- Born: 1953 (age 72–73)
- Education: Royal College, Colombo
- Alma mater: Staffordshire University
- Occupations: entrepreneur, banker

= Osman Kassim =

Sri Lankan entrepreneur

Osman Kassim (born 1953) is a Sri Lankan entrepreneur and philanthropist. He is regarded as the prominent pioneer of Islamic finance in Sri Lanka. He was also the founder chairman of Amana Bank PLC.

== Career ==
Osman Kassim introduced Islamic Banking concept in Sri Lanka and was instrumental in pioneering the concept of Islamic finance in Sri Lanka. He has remarkable experience of over four decades of senior management experience in Islamic banking and Islamic Takaful insurance.

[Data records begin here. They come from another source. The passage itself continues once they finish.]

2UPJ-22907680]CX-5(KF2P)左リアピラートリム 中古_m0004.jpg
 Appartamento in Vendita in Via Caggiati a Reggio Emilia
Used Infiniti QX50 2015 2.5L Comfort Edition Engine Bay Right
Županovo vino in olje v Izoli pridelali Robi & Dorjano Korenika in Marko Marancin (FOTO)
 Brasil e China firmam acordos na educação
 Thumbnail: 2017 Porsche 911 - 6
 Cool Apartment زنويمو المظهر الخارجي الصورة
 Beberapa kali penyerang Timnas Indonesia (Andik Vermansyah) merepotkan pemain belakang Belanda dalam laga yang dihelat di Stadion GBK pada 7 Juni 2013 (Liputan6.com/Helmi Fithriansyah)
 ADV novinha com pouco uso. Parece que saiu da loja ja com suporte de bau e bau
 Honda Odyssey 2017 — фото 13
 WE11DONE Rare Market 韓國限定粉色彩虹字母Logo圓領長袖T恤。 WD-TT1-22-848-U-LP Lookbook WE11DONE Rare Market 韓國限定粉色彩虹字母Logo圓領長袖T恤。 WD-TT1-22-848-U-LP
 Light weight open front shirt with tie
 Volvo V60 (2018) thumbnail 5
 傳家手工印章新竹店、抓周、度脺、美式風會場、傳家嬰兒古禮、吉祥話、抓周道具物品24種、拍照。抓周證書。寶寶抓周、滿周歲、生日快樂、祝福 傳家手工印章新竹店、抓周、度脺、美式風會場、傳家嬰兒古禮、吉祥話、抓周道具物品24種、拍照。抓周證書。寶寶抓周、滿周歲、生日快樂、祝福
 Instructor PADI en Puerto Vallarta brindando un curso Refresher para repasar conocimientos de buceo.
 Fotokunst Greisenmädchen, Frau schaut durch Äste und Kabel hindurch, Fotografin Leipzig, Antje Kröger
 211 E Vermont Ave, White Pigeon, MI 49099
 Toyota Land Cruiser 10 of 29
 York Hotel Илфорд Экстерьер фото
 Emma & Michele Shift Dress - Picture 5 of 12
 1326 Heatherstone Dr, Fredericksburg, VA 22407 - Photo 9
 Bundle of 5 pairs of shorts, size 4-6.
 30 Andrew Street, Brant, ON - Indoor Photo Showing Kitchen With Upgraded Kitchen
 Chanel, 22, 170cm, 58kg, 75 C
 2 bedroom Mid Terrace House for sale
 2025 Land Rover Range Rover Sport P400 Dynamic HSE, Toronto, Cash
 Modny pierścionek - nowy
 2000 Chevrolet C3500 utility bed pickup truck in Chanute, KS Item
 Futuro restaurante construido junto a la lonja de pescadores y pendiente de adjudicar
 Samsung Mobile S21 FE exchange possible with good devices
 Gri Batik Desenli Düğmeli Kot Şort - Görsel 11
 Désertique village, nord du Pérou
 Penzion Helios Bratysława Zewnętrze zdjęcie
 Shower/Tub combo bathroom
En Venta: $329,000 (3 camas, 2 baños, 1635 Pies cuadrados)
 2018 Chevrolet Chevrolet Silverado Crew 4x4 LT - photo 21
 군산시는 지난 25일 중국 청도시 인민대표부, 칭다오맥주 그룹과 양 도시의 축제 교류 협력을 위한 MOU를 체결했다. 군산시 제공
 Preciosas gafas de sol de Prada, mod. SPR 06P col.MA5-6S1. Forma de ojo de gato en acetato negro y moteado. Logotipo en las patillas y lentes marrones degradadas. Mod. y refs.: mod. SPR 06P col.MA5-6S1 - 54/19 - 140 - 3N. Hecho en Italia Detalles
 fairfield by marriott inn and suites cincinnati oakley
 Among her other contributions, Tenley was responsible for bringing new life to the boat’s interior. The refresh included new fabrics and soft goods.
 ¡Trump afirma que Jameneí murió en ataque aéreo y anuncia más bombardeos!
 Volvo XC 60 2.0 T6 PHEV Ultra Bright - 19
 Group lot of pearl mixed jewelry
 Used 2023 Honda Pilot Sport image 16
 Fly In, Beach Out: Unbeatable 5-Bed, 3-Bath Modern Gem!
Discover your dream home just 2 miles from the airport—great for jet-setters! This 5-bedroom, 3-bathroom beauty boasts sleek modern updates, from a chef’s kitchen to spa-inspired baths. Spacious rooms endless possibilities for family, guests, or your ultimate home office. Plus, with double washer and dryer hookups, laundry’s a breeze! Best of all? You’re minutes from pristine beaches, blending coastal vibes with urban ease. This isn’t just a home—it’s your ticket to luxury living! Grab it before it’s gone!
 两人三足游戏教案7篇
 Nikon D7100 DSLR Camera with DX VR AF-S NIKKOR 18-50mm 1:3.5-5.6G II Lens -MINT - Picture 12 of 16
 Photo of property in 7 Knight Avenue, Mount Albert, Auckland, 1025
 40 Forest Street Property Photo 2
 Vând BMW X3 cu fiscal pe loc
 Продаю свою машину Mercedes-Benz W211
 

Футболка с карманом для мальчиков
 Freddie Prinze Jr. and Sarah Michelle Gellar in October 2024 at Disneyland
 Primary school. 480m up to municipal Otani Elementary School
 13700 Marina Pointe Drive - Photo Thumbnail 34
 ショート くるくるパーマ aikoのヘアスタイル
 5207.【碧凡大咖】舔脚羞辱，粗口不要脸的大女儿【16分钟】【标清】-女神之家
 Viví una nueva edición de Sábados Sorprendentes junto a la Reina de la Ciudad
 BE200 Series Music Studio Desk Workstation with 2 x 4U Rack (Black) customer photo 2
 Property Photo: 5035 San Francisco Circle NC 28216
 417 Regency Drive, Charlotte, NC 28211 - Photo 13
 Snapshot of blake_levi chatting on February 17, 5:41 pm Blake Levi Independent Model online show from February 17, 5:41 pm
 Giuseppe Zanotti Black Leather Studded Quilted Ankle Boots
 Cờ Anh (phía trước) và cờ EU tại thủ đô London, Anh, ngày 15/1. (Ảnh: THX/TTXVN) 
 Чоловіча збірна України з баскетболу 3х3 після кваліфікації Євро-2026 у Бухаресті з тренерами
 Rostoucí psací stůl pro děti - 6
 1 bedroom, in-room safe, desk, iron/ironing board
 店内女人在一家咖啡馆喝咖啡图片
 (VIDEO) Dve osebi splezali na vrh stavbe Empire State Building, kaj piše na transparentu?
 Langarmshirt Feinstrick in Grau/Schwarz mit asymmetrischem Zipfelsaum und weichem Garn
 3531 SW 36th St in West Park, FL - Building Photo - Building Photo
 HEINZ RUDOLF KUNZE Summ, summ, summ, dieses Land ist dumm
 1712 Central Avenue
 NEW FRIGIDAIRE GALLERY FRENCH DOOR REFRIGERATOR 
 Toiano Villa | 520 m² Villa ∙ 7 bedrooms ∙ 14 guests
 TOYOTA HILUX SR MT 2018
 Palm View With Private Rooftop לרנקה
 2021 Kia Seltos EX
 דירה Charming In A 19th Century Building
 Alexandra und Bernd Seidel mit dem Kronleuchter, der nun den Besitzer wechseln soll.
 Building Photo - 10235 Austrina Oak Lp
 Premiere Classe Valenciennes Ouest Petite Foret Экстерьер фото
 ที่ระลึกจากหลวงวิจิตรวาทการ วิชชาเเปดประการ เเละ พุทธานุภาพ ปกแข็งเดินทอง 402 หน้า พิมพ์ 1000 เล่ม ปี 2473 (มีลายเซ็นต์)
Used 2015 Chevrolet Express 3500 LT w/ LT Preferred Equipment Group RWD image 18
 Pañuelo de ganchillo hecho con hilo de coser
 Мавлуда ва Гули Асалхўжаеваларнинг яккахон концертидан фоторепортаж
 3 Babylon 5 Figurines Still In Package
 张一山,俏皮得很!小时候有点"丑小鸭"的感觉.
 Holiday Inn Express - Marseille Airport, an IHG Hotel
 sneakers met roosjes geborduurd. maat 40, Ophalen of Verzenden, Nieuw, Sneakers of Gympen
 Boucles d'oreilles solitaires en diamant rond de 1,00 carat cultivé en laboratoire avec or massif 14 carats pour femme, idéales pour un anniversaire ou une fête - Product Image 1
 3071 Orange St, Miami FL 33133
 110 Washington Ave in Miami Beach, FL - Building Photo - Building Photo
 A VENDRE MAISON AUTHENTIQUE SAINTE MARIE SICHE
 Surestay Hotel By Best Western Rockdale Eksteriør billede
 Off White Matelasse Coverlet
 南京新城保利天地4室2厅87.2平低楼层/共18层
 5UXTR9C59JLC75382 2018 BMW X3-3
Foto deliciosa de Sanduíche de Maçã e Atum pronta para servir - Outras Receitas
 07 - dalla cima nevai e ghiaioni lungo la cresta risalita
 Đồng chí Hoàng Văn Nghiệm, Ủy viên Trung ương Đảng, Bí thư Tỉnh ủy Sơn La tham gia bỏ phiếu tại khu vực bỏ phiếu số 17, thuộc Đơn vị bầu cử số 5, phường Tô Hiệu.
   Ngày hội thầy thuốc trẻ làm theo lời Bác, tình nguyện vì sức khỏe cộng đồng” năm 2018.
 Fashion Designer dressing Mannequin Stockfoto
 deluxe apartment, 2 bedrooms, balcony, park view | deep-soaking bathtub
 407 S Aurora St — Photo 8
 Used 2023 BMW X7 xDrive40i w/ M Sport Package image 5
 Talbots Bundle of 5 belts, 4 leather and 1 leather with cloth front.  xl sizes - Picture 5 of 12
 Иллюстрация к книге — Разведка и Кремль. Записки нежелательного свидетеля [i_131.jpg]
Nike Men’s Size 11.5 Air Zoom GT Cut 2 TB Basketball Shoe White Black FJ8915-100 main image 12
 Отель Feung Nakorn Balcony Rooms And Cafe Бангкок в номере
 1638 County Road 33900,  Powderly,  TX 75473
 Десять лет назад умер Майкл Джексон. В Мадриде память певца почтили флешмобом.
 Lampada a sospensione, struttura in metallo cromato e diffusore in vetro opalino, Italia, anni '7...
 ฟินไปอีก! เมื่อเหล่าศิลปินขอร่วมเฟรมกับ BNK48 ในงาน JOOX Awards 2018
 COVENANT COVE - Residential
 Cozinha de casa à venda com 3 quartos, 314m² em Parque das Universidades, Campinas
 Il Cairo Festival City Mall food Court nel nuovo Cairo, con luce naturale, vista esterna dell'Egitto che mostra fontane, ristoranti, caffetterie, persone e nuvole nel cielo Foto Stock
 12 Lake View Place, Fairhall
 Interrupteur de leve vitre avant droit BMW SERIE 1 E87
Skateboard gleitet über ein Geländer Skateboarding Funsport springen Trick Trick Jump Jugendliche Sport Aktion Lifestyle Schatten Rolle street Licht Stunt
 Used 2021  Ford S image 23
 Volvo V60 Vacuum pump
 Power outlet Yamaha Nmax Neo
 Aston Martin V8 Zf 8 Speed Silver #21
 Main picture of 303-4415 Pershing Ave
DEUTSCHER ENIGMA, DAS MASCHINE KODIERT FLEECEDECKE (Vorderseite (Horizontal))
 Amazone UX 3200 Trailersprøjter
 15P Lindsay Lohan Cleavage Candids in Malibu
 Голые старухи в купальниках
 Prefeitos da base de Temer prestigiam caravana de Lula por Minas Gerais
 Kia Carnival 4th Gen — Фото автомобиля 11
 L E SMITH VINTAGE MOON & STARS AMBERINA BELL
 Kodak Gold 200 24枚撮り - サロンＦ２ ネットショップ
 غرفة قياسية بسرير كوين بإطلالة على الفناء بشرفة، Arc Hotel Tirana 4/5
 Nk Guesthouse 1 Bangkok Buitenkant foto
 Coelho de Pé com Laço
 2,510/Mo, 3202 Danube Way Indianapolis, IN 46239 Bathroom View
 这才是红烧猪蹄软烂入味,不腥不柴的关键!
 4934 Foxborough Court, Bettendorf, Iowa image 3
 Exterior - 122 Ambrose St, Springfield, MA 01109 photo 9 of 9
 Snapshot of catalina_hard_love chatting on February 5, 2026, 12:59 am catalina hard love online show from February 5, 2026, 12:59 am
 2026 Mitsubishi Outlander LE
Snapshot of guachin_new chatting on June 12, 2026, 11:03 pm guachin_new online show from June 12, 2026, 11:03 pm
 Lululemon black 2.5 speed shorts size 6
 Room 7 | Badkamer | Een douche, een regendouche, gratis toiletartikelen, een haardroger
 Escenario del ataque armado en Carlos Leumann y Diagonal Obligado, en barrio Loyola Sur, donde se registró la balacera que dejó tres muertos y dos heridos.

He has travelled to many places around the world and is fully conversant with technical terms and conditions with regards to Islamic Banking practices as well as the methodologies in most countries where Islamic Banking is available.

He has formerly served as the chairman of the Expolanka Group. He has also held chairman posts of Vidullanka PLC, Aberdeen Holdings (Pvt) Ltd, Al-Hassan Foundation and Rockfam (Pvt) Ltd. He also holds directorship in Amana Takaful Life PLC and Amana Takaful (Maldives) PLC.

He also served in as one of the members of Board of Directors of the Maldives Islamic Bank PLC from 2017 until July 2020. He was also duly recognized for his conduct, achievements and utmost professionalism as a global entrepreneur and as a visionary educationist. He was conferred with an Honorary Doctorate by Staffordshire University in UK.

LMD magazine recognized his contributions in the field of Islamic finance by rating him among the "A-List of the Captains of Business" at the dawn of the decade. The magazine also acknowledged his services which uplifted the growth of Sri Lanka in economic perspective. He also appeared in the front side page cover of LMD magazine.